F=ma
Trying to interpret Newton's first law of motion in algebraic equations, it's very natural to take it as simply describing the case where the acceleration, and thus the resultant force, is zero. The first law then becomes a special case of the second law; and you will find many physics textbooks stating this.
This is quite right and reasonable given the way the two laws are usually understood. But it's worth noting that if we take the laws as actually stated in the Principia, this conclusion is impossible: the first law can't be a special case of the second law on the reasoning shown, if we take them in Newton's own formulation. One minor but important point is that Newton's own second law is not the equation F=ma. I say 'minor' because it is, in fact, easy enough to prove that if we use the right combination of units, F=ma for cases where mass is constant and time is not, given the first law, the second law, and the definition of quantity of motion (definition II). To do it you use the method of construction: you posit an alteration of motion, use the first law to conclude that there is a force, and use the second law and the definition of quantity of motion to infer that the change of velocity divided by the change of time is equal to some constant times the impressed force, divided by the mass. The constant can be set to one with the right combination of units, and we therefore have an equation equivalent to the standard one. So F=ma follows from the second law; but this is not the same as to say that it is the second law -- in part because you need to assume things besides the second law to make the proof work.

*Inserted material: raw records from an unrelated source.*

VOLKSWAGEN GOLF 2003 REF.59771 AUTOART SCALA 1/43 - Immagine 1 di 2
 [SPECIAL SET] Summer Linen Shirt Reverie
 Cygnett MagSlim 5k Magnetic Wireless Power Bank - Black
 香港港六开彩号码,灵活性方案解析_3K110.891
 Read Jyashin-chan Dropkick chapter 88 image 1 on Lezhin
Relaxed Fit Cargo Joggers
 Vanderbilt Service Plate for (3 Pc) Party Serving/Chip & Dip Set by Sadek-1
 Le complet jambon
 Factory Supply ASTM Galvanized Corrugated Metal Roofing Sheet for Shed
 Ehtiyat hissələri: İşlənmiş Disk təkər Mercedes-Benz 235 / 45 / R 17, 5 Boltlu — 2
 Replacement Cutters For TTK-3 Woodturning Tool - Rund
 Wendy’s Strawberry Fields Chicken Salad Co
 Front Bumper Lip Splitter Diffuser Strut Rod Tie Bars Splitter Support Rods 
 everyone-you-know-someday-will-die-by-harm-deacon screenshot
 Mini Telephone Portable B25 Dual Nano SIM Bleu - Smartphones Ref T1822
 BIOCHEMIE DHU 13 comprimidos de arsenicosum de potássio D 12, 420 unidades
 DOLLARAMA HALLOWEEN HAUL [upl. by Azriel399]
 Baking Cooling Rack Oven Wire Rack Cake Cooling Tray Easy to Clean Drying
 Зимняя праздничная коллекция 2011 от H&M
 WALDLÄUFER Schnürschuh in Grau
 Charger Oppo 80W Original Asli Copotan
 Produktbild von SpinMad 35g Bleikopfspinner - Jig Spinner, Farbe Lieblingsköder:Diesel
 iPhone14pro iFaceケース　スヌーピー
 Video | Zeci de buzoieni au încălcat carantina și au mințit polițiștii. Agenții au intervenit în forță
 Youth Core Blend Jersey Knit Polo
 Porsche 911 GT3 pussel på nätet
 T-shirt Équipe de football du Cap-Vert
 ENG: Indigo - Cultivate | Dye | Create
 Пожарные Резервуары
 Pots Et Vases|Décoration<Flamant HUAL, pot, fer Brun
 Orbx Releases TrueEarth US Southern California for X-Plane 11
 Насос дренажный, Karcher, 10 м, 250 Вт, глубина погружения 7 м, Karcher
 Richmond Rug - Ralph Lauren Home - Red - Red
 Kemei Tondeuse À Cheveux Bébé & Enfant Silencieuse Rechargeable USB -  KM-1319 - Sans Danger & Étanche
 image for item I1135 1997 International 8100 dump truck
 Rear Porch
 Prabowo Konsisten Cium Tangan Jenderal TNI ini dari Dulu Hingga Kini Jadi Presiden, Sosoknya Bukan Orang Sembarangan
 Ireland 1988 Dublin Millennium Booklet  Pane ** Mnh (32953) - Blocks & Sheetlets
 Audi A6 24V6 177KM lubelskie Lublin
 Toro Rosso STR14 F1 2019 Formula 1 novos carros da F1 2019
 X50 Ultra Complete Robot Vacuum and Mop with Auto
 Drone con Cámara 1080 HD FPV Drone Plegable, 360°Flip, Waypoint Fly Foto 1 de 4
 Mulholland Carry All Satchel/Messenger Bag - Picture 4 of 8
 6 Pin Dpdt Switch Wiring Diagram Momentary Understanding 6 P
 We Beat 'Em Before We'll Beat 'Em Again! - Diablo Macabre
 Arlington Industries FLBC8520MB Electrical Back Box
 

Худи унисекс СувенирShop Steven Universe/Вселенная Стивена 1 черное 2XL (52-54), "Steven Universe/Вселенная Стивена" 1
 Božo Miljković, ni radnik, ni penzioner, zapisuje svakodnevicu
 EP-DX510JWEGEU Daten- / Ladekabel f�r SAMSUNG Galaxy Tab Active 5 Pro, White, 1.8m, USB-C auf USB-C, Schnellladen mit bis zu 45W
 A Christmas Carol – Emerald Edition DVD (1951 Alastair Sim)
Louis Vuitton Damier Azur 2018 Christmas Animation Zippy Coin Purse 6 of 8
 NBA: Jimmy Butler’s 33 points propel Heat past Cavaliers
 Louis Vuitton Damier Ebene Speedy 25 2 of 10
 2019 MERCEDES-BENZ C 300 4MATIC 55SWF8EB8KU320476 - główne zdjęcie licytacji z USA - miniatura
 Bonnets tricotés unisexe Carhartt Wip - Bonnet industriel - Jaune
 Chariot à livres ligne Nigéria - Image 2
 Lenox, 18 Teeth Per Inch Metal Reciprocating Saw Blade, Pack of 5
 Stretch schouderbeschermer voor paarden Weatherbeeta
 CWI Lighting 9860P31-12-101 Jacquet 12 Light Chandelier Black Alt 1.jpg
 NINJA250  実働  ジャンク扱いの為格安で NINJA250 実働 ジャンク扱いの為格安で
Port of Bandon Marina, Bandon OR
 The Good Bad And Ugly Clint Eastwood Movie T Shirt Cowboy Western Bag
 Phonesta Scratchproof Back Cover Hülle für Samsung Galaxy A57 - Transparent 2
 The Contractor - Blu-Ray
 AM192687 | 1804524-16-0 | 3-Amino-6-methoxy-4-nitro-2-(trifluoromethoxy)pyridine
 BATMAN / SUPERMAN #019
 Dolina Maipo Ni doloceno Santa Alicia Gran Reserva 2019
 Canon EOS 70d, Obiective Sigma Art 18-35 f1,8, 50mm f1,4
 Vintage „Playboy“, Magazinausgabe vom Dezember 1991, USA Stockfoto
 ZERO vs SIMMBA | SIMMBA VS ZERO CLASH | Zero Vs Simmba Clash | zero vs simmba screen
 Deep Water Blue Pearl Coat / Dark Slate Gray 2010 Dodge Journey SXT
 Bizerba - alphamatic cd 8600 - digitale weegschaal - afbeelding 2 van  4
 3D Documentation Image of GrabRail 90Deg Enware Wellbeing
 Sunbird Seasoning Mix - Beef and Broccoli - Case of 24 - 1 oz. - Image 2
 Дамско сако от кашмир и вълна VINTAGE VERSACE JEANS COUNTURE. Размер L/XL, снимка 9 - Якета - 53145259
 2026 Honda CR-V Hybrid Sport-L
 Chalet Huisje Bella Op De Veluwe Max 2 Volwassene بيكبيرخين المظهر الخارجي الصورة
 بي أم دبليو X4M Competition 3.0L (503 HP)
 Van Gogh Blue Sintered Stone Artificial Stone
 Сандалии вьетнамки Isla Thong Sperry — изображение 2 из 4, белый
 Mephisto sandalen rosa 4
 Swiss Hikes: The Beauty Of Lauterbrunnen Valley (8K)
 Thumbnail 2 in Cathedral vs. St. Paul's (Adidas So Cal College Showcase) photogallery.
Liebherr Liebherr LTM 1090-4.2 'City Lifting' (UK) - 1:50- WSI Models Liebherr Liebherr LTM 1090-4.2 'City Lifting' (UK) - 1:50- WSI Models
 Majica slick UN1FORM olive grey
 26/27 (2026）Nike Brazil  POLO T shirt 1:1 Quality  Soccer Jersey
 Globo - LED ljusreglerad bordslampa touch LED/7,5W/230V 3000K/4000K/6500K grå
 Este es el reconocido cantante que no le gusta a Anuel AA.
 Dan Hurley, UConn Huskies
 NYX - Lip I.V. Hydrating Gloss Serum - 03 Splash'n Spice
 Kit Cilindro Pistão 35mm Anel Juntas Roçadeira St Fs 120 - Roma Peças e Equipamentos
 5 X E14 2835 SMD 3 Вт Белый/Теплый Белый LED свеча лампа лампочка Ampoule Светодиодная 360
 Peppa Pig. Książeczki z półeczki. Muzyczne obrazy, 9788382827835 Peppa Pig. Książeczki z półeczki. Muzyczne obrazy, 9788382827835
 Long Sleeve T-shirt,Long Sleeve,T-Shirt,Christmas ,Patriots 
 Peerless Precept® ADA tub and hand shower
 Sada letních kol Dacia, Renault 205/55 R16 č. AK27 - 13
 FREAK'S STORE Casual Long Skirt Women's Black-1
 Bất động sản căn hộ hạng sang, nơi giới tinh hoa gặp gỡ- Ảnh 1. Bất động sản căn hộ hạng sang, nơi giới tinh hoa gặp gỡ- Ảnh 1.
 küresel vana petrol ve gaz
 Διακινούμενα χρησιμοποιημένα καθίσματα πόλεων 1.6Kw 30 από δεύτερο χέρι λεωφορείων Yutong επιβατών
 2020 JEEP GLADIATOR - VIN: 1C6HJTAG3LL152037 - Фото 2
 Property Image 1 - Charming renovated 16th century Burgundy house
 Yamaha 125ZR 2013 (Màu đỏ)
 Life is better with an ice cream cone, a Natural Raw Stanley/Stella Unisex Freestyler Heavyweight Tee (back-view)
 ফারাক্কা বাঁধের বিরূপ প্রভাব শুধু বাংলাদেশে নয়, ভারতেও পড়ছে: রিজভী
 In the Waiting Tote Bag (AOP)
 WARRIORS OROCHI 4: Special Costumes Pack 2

More importantly, however, Newton's first law can't be a special case of his second because they don't discuss the same thing. The first law is:
Every body continues in its state of rest, or of uniform motion in a right line, unless it is compelled to change that state by forces impressed upon it.
The second law is:
The change of motion is proportional to the motive force impressed; and is made in the direction of the right line in which that force is impressed.
What the first law in effect does is tell us that an alteration of motion requires a cause, namely, an impressed force, or a combination of impressed forces. The second law extends this by telling us how, precisely, the alteration of motion is related to the impressed force causing it. (One of Newton's major projects in the Principia is to develop a method for properly accounting for the difference between true and apparent motions and the causes underlying that difference.) But if we interpret them in this light, the first law is not a special case of the second law; it simply tells us when a certain sort of cause exists, while the second law tells us how the effect is related to that cause when it does exist. These are two completely distinct things, and when you try to do proofs with them, you have to use both of them to get the usual equations. If we took the first law simply to say that when force is zero, acceleration is zero, it would be a special case of F=ma; but the first law doesn't simply say that, but gives a causal role to forces.
This is a very small sort of change, since it doesn't change anything structurally speaking -- you can get the same equations, in somewhat different ways, on both interpretations. But it is a striking example of how the role Newton himself assigns to a feature of his physics might be somewhat different from that assigned by later physicists with somewhat different interests.